=== What you have to do ===
When the listing below reaches the line that has "ROM SMART TRAILER", start reproducing exactly; stop after the line that has "Fiamma Side W Pro F80L XXL", and drop the pictures.

:: Study material

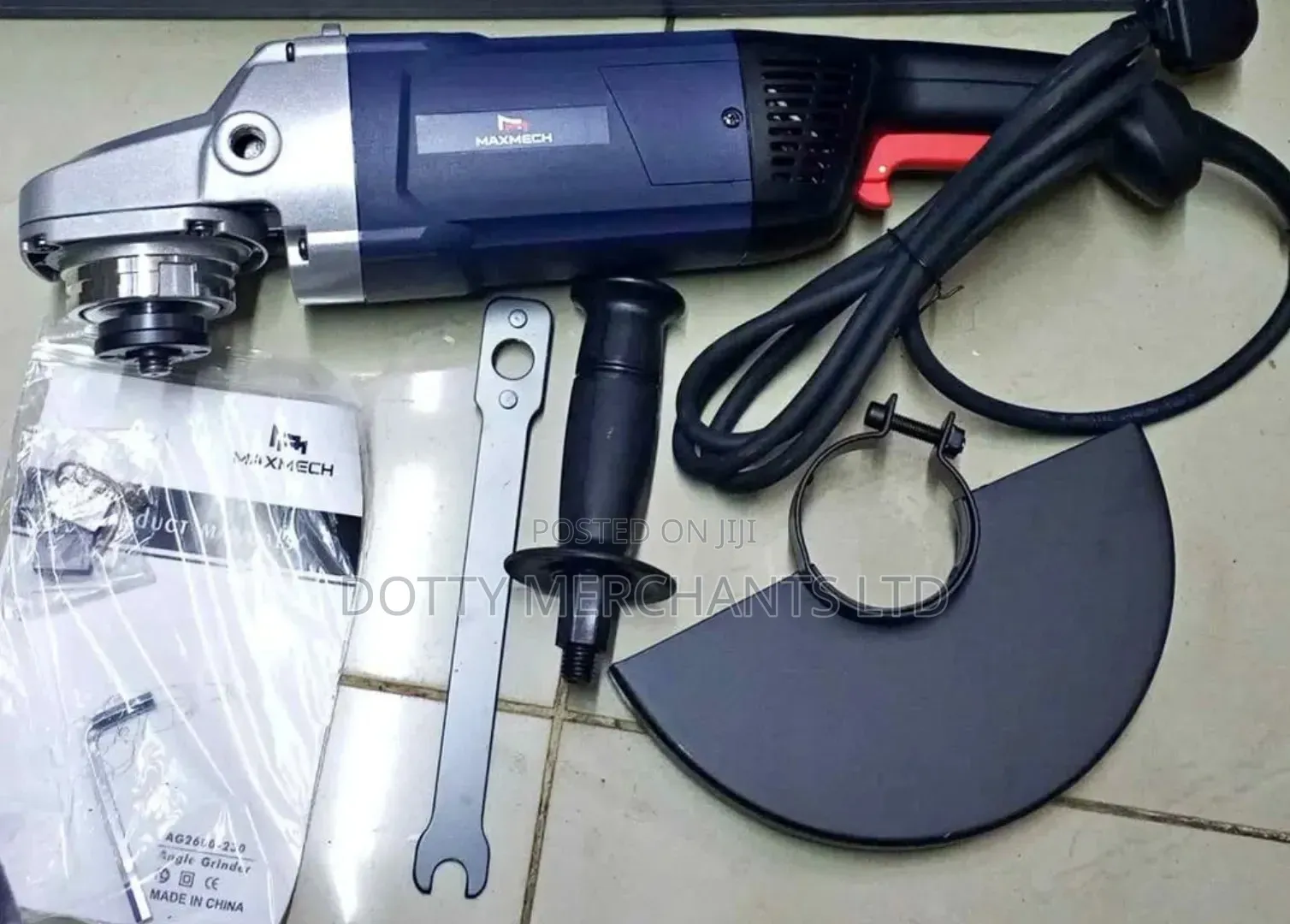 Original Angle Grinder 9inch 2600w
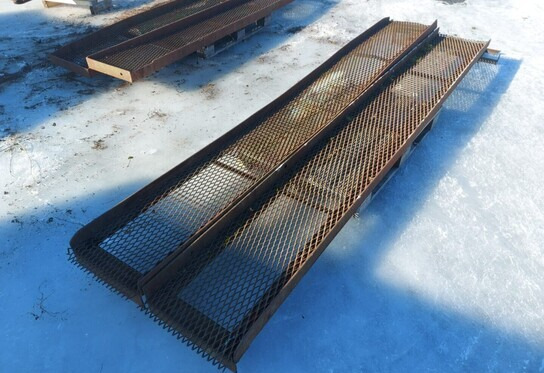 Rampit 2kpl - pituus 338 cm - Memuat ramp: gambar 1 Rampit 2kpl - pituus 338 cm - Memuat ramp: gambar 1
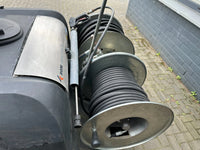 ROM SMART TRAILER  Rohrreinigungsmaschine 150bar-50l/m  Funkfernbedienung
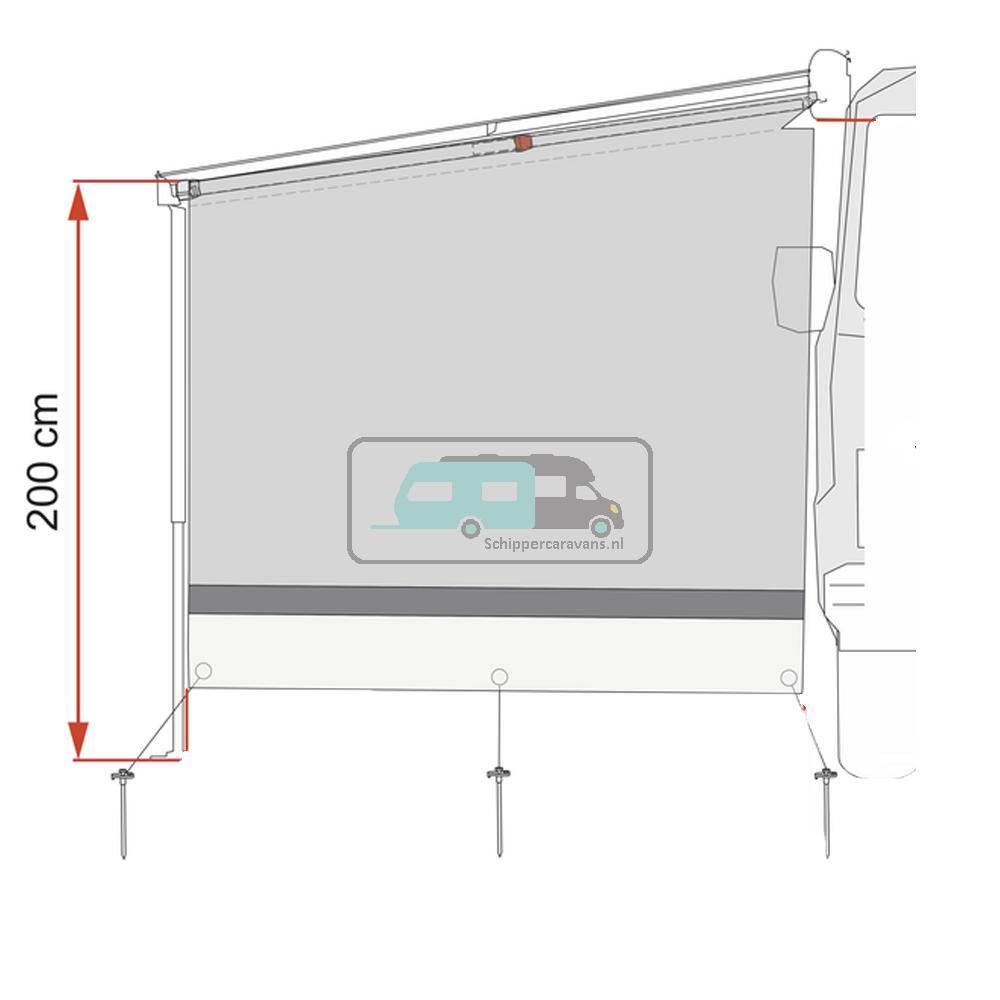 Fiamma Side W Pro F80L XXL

::::
:: Study material

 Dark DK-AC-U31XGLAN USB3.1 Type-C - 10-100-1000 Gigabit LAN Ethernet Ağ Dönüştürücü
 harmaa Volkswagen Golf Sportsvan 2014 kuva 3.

::::

=== Response to the exercise ===
 ROM SMART TRAILER  Rohrreinigungsmaschine 150bar-50l/m  Funkfernbedienung
 Fiamma Side W Pro F80L XXL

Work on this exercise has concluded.